The law qualifies certain people for immunity from prosecution. That means your case gets dismissed if you qualify. It exempts qualified people from establishing retreat as factor of self-defense. You can learn the factors of self-defense here.
Location, Location, Location
Before we get to who qualifies to Stand Your Ground, you need to know where qualifies. Generally, the law applies to a “dwelling, residence, or occupied vehicle.” A few key definitions:
- “Dwelling” basically means a structure of any kind, including an attached porch, which has a roof over it and is designed to be occupied by people sleeping there at night. The structure can be temporary. It includes mobile homes and even tents.

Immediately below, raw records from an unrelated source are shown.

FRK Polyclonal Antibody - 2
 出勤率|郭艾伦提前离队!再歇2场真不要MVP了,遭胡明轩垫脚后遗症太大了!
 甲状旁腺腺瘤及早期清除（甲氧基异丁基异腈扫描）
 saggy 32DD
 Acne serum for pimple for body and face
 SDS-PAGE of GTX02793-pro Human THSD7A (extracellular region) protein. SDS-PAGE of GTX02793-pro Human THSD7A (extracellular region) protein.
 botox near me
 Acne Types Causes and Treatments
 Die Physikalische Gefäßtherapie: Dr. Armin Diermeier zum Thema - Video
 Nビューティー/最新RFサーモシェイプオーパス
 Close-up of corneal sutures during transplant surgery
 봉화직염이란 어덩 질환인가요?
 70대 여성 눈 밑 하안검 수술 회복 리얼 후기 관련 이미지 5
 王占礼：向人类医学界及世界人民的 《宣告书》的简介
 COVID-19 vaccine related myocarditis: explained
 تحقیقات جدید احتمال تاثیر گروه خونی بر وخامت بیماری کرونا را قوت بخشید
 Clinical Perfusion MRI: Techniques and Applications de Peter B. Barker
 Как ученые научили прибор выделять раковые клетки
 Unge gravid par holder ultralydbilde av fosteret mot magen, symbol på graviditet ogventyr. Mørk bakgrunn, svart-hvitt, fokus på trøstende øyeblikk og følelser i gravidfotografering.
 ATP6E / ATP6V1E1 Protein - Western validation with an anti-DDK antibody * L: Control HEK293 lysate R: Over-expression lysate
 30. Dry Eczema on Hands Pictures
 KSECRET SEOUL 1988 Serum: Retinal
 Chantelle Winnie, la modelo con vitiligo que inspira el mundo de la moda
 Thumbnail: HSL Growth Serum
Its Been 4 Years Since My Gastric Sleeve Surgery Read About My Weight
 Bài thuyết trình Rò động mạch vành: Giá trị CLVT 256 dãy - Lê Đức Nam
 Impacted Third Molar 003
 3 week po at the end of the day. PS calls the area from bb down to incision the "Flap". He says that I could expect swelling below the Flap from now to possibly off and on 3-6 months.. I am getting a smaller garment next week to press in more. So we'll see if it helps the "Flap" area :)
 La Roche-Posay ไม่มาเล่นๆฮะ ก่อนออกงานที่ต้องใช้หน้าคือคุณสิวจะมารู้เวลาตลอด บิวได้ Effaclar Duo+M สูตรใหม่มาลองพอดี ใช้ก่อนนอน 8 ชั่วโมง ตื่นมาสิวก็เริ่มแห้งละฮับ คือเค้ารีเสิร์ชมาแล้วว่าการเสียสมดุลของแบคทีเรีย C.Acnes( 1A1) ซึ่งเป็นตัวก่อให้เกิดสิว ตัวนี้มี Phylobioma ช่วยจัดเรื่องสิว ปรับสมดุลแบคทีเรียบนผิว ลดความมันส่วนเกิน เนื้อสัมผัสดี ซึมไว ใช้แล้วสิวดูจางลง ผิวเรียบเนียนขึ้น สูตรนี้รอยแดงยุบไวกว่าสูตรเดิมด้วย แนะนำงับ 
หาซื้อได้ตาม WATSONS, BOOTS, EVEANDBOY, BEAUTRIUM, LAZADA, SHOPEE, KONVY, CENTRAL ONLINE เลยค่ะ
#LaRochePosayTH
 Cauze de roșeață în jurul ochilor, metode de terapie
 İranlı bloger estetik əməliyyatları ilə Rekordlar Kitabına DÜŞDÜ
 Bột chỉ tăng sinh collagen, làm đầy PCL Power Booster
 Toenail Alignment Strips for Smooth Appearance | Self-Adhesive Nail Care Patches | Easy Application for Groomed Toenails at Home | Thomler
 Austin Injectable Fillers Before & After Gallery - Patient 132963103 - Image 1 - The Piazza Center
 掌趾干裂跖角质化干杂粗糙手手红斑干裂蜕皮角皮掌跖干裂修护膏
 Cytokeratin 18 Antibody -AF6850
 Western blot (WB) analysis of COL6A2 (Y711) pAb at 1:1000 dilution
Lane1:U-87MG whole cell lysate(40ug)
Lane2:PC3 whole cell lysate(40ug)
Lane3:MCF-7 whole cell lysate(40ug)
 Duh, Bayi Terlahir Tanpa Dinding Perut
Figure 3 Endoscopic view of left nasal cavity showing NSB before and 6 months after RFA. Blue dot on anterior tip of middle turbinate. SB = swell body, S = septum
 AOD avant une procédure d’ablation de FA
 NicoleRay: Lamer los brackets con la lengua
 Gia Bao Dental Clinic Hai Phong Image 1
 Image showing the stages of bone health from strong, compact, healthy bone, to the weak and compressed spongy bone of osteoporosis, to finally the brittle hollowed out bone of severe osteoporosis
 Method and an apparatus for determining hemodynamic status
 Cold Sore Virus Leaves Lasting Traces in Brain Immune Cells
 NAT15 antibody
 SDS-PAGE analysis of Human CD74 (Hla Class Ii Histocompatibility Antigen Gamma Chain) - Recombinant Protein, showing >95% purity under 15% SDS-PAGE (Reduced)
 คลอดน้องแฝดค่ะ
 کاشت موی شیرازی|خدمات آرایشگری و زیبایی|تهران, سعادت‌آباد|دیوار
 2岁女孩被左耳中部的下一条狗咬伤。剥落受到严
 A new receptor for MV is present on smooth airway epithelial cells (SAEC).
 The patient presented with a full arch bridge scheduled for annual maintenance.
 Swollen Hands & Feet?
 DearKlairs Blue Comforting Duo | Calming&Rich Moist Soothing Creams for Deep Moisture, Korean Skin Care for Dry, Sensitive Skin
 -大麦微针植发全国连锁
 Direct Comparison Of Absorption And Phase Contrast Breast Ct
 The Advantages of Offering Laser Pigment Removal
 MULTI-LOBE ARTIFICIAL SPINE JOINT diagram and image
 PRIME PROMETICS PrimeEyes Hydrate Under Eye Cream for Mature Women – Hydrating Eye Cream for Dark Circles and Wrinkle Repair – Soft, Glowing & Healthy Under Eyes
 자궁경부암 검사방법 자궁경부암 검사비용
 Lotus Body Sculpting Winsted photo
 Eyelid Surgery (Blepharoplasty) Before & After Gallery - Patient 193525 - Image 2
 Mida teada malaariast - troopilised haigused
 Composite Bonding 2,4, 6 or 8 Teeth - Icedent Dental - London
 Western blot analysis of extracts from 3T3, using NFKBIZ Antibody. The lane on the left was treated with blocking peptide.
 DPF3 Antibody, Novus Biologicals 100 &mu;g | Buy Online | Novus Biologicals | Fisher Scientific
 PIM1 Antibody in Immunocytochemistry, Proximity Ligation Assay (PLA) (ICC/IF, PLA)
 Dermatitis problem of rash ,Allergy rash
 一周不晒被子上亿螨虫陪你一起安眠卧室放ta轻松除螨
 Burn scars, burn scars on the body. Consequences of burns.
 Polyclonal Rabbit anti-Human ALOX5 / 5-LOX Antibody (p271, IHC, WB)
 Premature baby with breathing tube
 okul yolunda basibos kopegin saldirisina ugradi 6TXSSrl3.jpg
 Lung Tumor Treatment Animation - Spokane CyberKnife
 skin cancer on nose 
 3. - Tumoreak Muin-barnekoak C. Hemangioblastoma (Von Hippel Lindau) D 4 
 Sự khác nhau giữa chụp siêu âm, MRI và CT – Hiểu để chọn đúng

- “Residence” means a dwelling in which a person resides either temporarily or permanently, or is visiting as an invited guest.
- “Vehicle” means a machine of any kind designed to transport people or property. It doesn’t have to be motorized.
To avoid being overly repetitious, we’ll call these “protected areas” below.
Who Qualifies for Stand Your Ground
The law provides two ways to qualify to seek dismissal.
The first way involves defending against:
- An intruder in a protected area. “Intruder” means someone who’s unlawfully and forcibly entered, or is in the process of doing so.
- Someone you’re removing or trying to remove against his will from a protected area.
- Someone you know or have reason to believe is committing or did commit either an intrusion or unlawful, forcible act.
BEWARE—THERE ARE EXCEPTIONS TO THIS. You don’t qualify for immunity if the person you act against is a:
- Lawful resident or a person who has the right to be there, like an owner or renter.
- Parent, grandparent, or legal guardian of a child sought to be removed from the area. This seems to forbid parents or caretakers from extracting children from other parents or caretakers using deadly force. That’s what family court is for.
Also, if you are engaged in crime or using the home or vehicle to further a crime, you are not eligible for protection from the Stand Your Ground law. So drug dealers can’t use Stand Your Ground if it’s to defend a place they use to further their operations.
The second way you qualify requires passing a three-part test:
- You must be attacked in another place where you have the right to be, including your business; and
- You cannot be committing unlawful acts; and
- You must reasonably believe it’s necessary to prevent death or great bodily injury to yourself or another, or to prevent a violent crime as defined by state law.
By the way, anyone who enters or attempts to unlawfully, forcibly enter a protected area is presumed to do it with the intent to commit an unlawful act or violent crime as defined by state law. Thus, this part of the law can protect a social guest who defends someone else’s home against an intruder who breaks down the door to get in.
How To Make South Carolina's Stand Your Ground Law Work For You
First things first: You will need a criminal defense attorney who knows how the law works and how to present the facts. You may have rights, but you’ve got to earn them. You can bet the prosecutor won’t give up without a fight.
Either party can file a motion, but it’ll likely be the defense filing it. The State won’t move to dismiss its own case! If possible, your defense team should file it long before trial to spare you added expenses and strain if the motion is successful.
The judge decides if you’ve proven self-defense by a “preponderance of the evidence.” That means “a little more likely than not,” which is a whole lot less than “beyond a reasonable doubt.”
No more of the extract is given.